If a light wave of a given frequency strikes a material with electrons having the same vibrational frequencies, then those electrons will absorb the energy of the light wave and transform it into vibrational motion.

During its vibration, the electrons interact with neighboring atoms in such a manner as to convert its vibrational energy into thermal energy. Subsequently, the light wave with that given frequency is absorbed by the object, never again to be released in the form of light. So the selective absorption of light by a particular material occurs because the selected frequency of the light wave matches the frequency at which electrons in the atoms of that material vibrate.

Since different atoms and molecules have different natural frequencies of vibration, they will selectively absorb different frequencies of visible light.

>Electrons can move from one level to another level by emitting photons of different energy.

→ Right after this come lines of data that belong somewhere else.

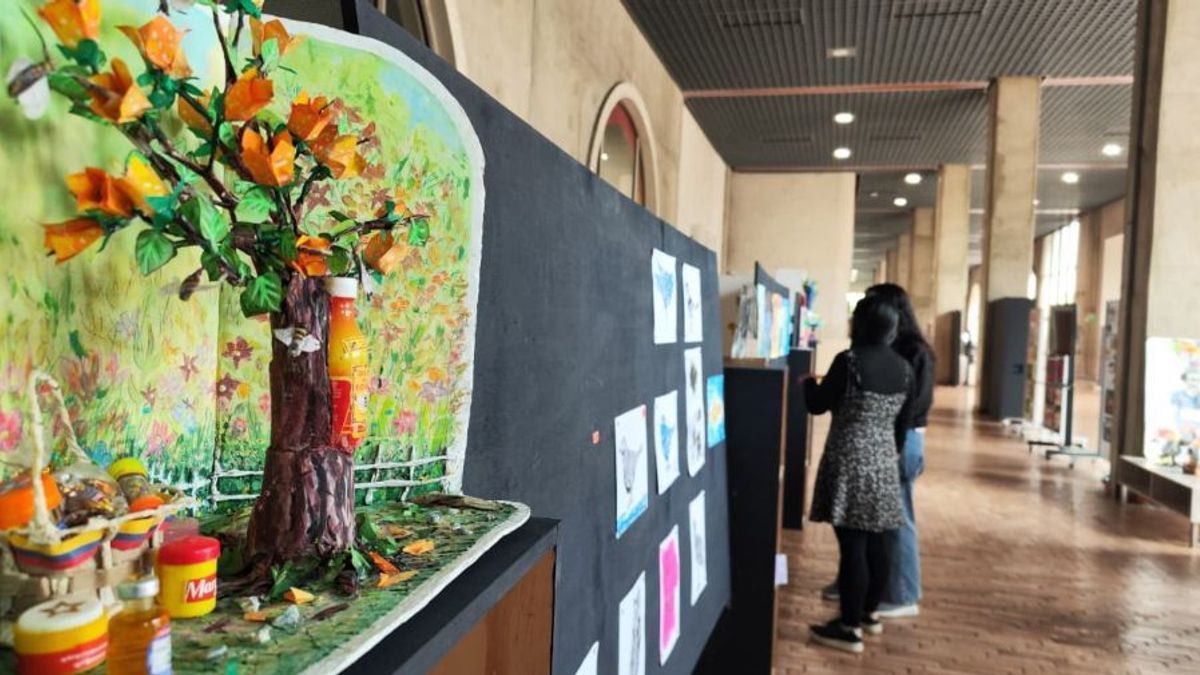 Exposición de obra en Bogotá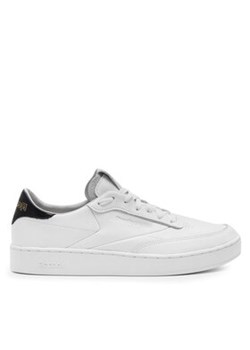 Reebok Sneakersy Club C Clean GW5112 Biały ze sklepu MODIVO w kategorii Buty sportowe męskie - zdjęcie 170985201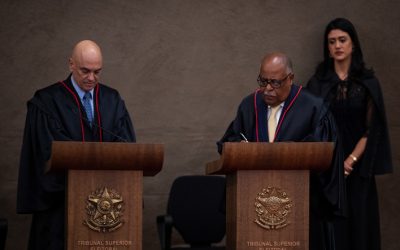 Ministro Benedito Gonçalves toma posse como corregedor-geral da Justiça Eleitoral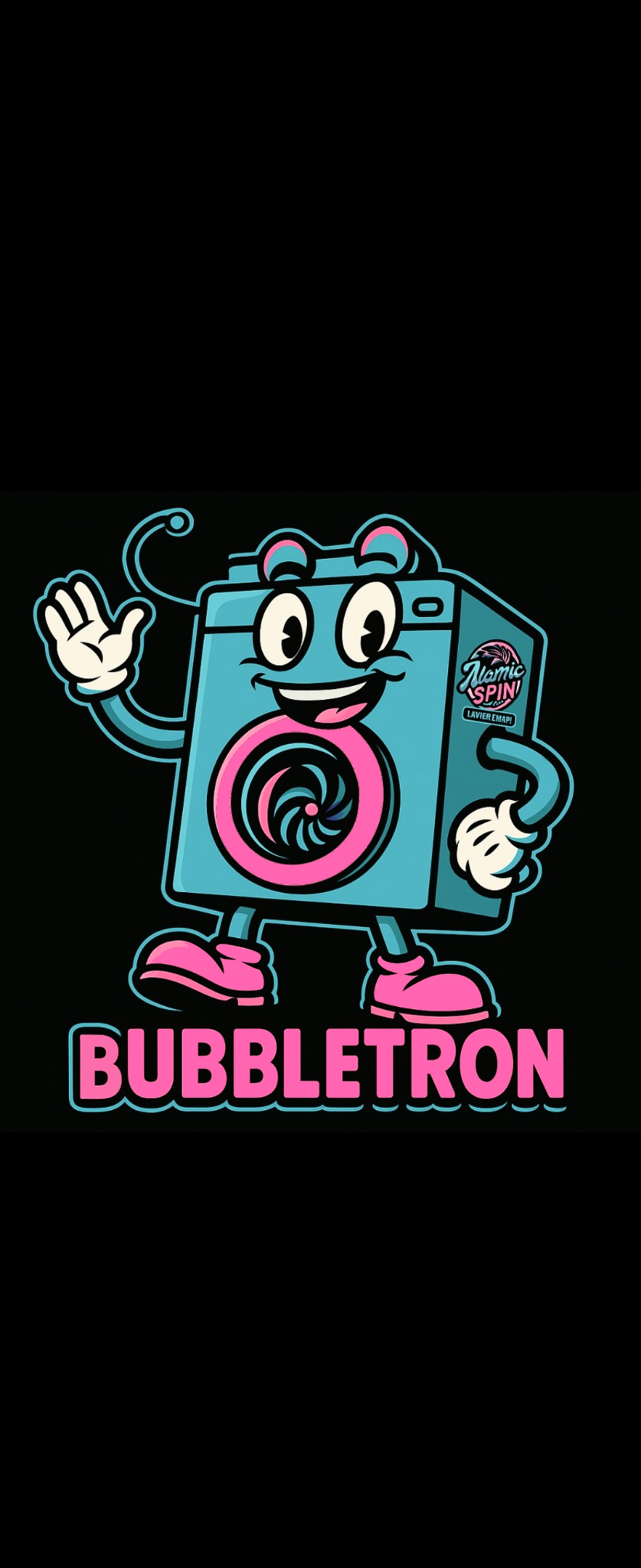 Bubbletron Mascot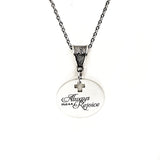 Faith Gift, Always Rejoice Pendant Necklace, Philippians 4 4, Scripture Jewelry, Scripture Necklace, Christian Jewelry, Christian Necklace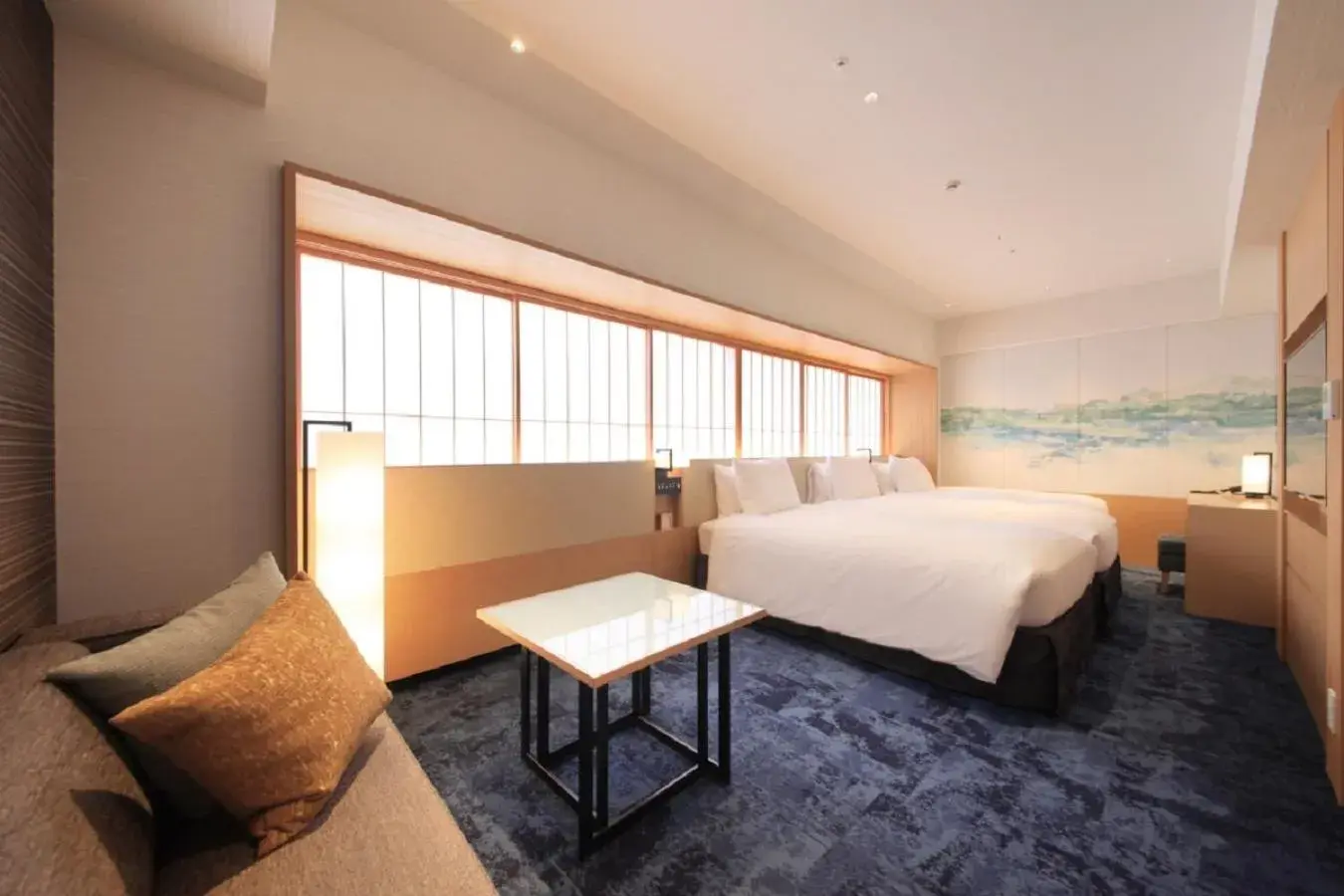 Bed in Richmond Hotel Premier Kyoto Ekimae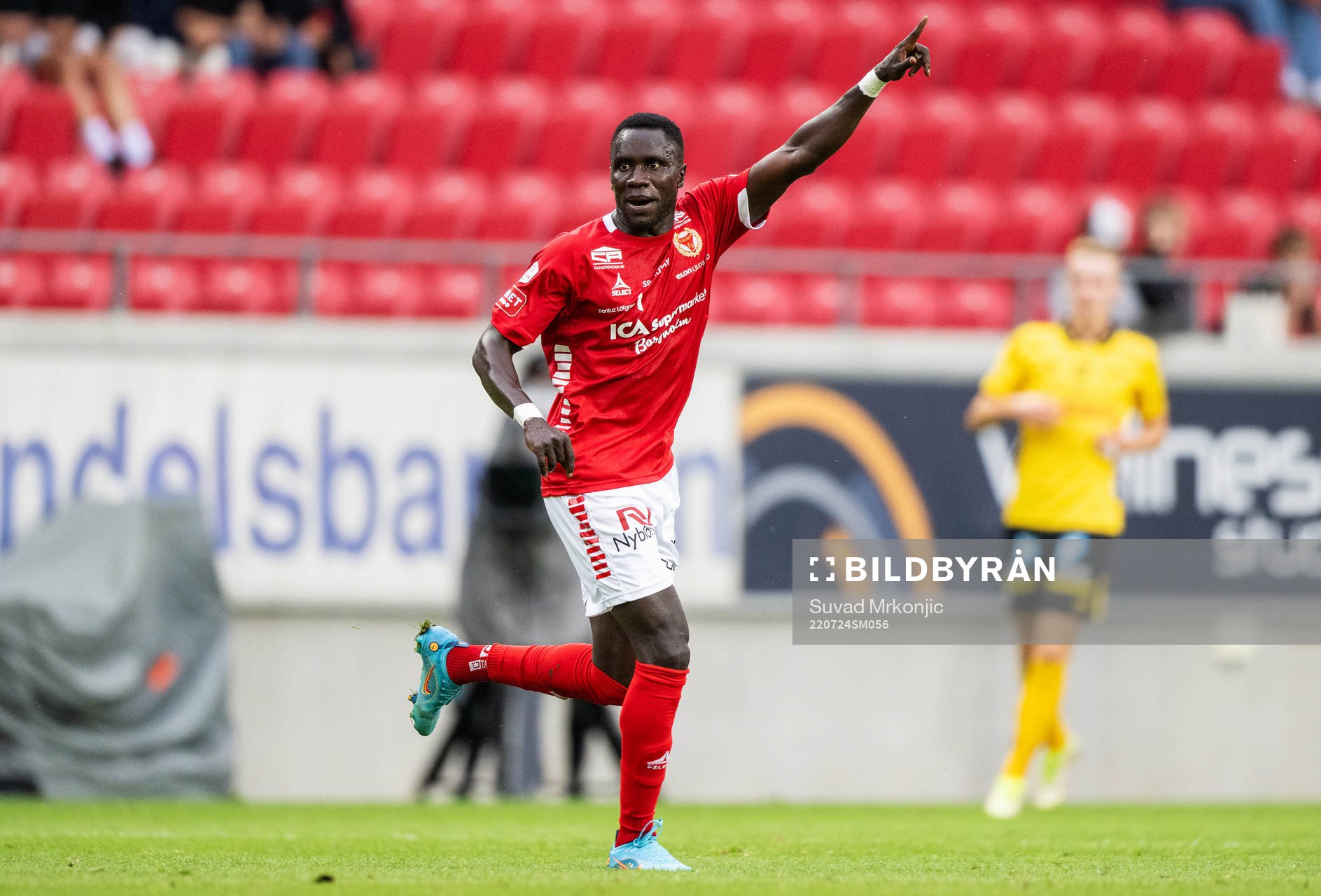 Kalmars Papa Diouf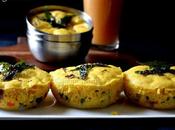 Vegetable Bread Dhokla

For example for level 5 to level 1, it can go 5->3->1 or 5->4->3->2->1. So why is the apparent colour consistent?

It wouldn’t be. The energy of the photon would correspond to the energy of one transition. So going straight from 5>1 would lead to emission of one large energy photon. Making 5 steps down to level 1 would lead to the emission of 5 lower energy photons, probably with different energies each. Because energy is related to wavelength, they would have different colours.

You can’t move from one level up to another by absorbing a yellow photon and down from the same level to the original by emitting a blue one. But because there are lots of different energy levels within atoms or molecules. It’s possible for the same atom to emit or absorb photons of different colour. So an atom could absorb a high energy blue photon and jump from level 1 to level 5 and then emit a lower energy yellow photon and drop back down to say level 3.